I used to think that its kind of overrated. Until of course, I've proven myself wrong for tagging it as such. Love comes to all of us, in almost all shapes, almost all colors, almost every angle. Love is very profound that for the life of me, I can't even contain it in just a simple sentence. Yes it is. I've grown to realize how love could walk into someone else's door. I've seen some of its form in the many faces of people that are happy, in pain, and struggling for it. I've seen it through my parents, my sisters, my friends, through couples i see hand in hand, and to churches i pass by as a wedding is held. I've seen it through my friends' cries and pains. I've seen it through hatred and jealousy, through martyrdom... i've seen a thousand of movies about love and not one of them tells the same exact love story. It has different complications but its all about love.
I've seen alot about it. Surreal, ideal, perfect, happy endings, impossible and just.. just real. And it makes me ponder on to my own experience. What's my story, how did I find it, how did it come to me.

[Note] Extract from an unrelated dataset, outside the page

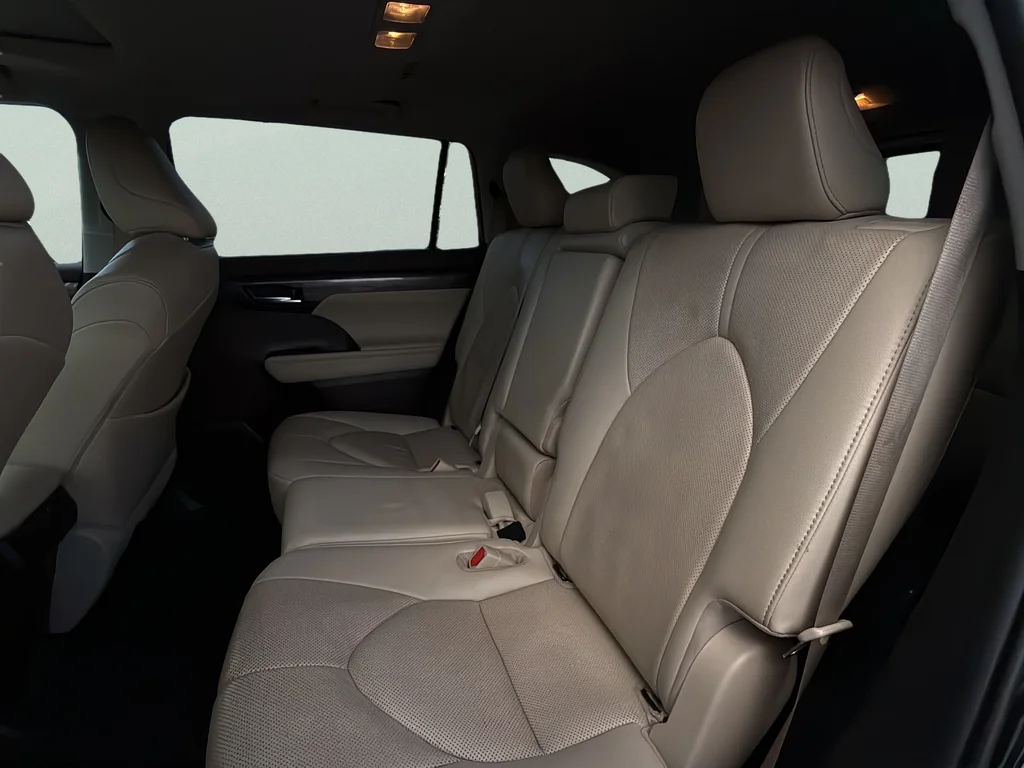 Used 2020 Amber Toyota Limited image 22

Yes, its Mike. He is my story. I found love in him. Four years of being with him, (not maybe literally) I am now in the point of my life ready to say that he is going to be the man I will fight for. (Girls could do that eh). He is no doubt the man God had given me to live for. I mean, if this is not love how else could i decently describe the passion to wait, the passion to understand him and the passion to accept him wholeheartedly without any judgments. With him, I feel like i can beat all the odds. Loving someone is a decision and you would need to make a stand. I wanna stay in love with him. In him, I feel i could face up all the challenges, he lits the courage in me.
Loving him is painful yet its all worth it. For now, I love him and this is all I know. I pray and together with our mutual efforts would strive hard for us to be together as what we are destined to be. He is the missing part of me and Im so glad I found him. Most of all, Im happy that despite of the hardship in making our relationship work out, our love for each other remained faithful and strong.
I LOVE YOU MIKE, and Happy Birthday!